Material supplied:
++++++++++

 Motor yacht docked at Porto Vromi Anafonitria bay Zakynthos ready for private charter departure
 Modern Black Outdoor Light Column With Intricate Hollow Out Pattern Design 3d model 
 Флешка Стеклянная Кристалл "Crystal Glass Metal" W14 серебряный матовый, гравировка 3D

++++++++++

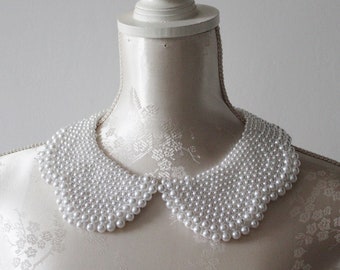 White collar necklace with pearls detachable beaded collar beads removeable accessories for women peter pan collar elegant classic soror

++++++++++

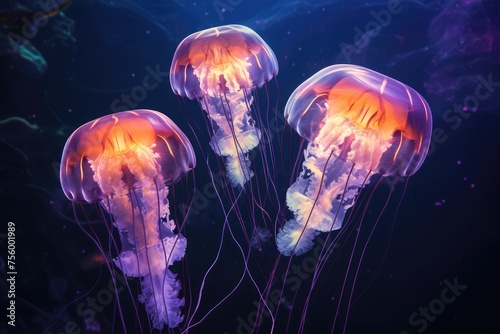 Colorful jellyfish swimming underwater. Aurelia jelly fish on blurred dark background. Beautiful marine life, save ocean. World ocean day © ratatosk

++++++++++

Exercise goal:
Copy out only the lines above from the one with "Motor yacht docked" to the one with "Флешка Стеклянная Кристалл", inclusive, exactly as they stand.

Completed exercise:
 Motor yacht docked at Porto Vromi Anafonitria bay Zakynthos ready for private charter departure
 Modern Black Outdoor Light Column With Intricate Hollow Out Pattern Design 3d model 
 Флешка Стеклянная Кристалл "Crystal Glass Metal" W14 серебряный матовый, гравировка 3D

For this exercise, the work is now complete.